=== Work to be completed ===
Would you please restate the data exactly as it stands, apart from the pictures?

--- Information given Enclosed Below ---

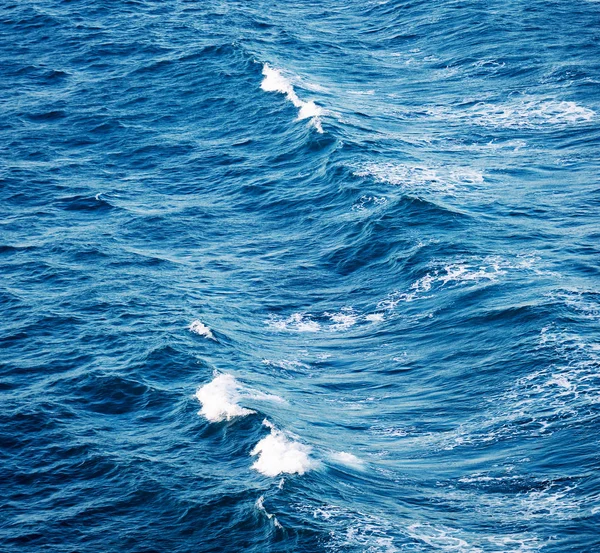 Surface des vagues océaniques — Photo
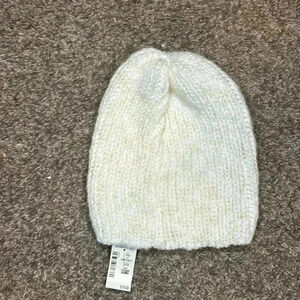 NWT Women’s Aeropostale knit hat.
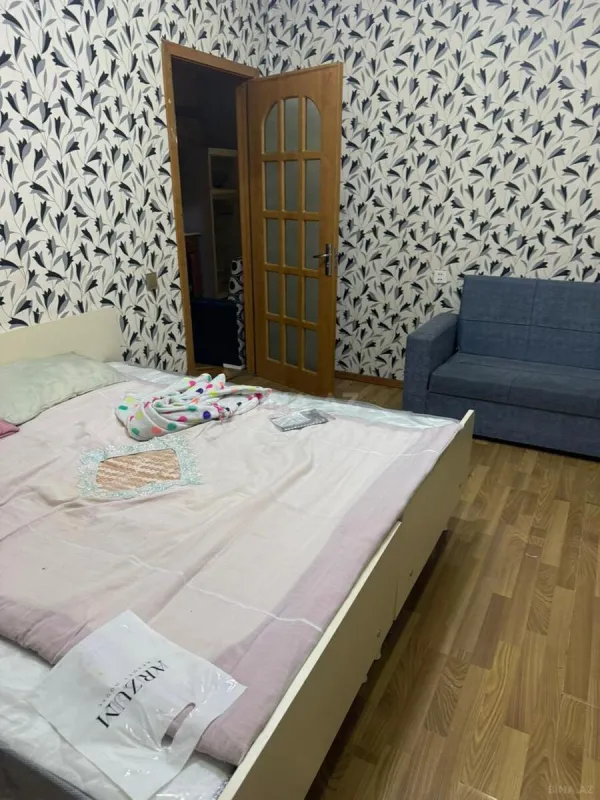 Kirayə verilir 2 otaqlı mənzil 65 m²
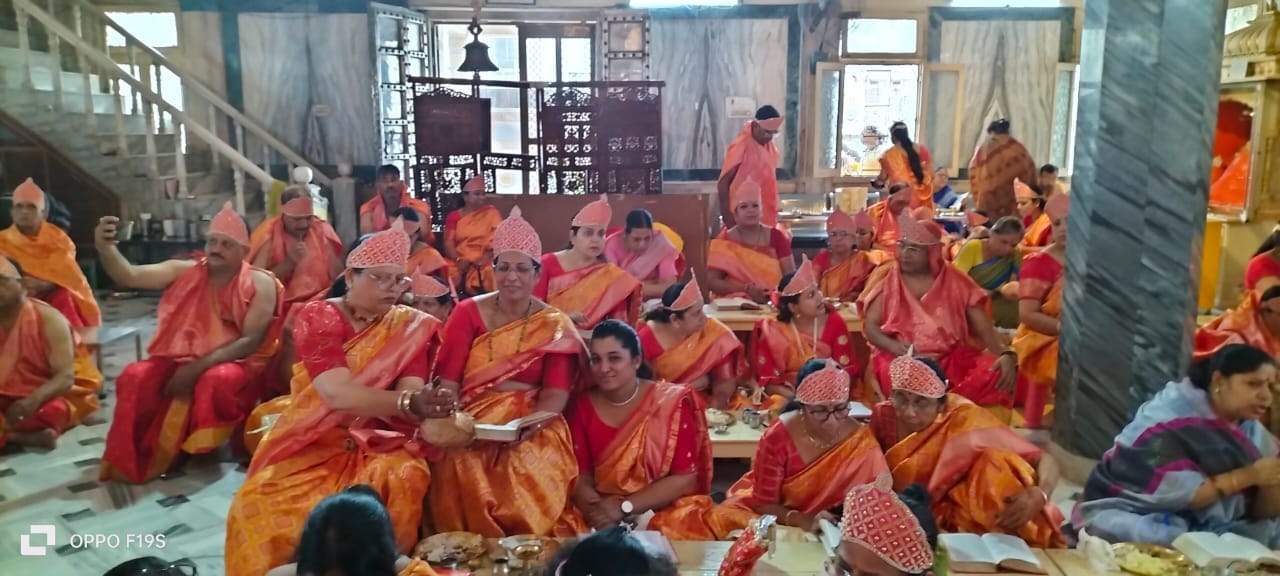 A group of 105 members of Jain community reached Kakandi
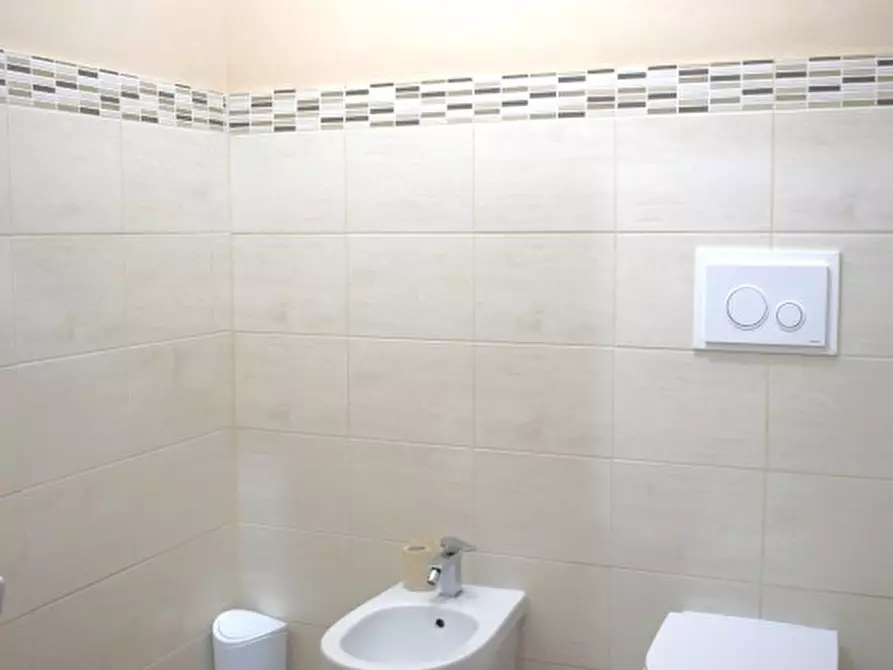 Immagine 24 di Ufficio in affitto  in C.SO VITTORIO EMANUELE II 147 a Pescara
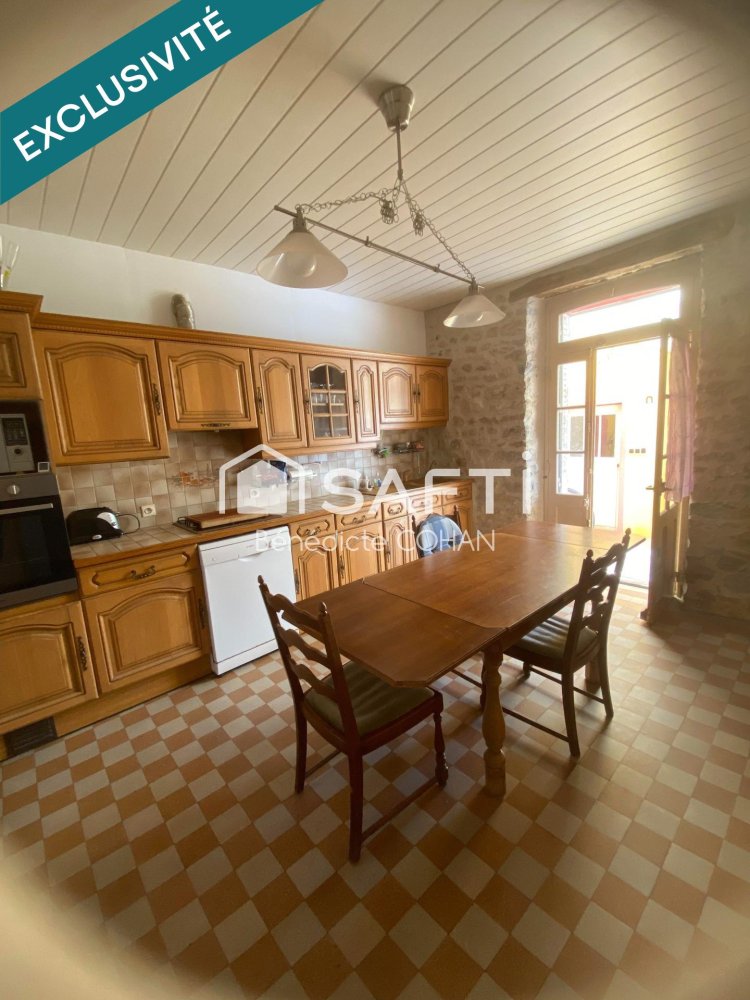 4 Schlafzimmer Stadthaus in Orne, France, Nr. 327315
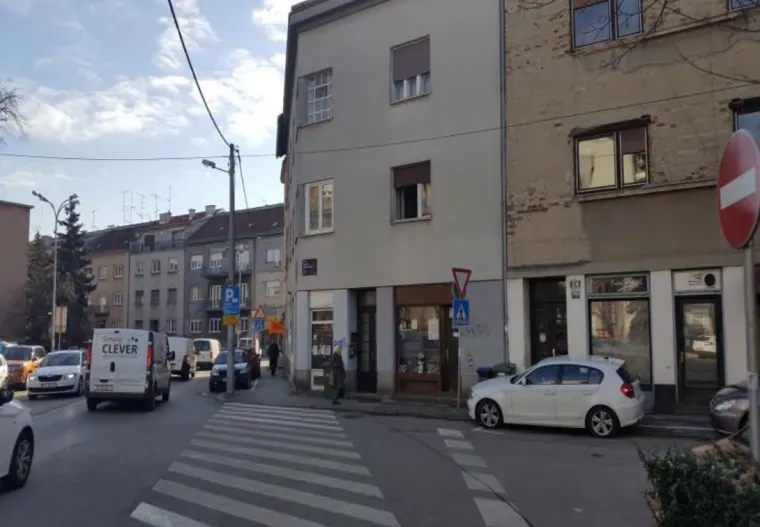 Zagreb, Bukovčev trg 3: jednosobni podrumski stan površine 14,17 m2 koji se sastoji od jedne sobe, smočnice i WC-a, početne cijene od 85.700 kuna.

--- End of Enclosed Information given ---

=== Output for this task ===
 Surface des vagues océaniques — Photo
 NWT Women’s Aeropostale knit hat.
 Kirayə verilir 2 otaqlı mənzil 65 m²
 A group of 105 members of Jain community reached Kakandi
 Immagine 24 di Ufficio in affitto  in C.SO VITTORIO EMANUELE II 147 a Pescara
 4 Schlafzimmer Stadthaus in Orne, France, Nr. 327315
 Zagreb, Bukovčev trg 3: jednosobni podrumski stan površine 14,17 m2 koji se sastoji od jedne sobe, smočnice i WC-a, početne cijene od 85.700 kuna.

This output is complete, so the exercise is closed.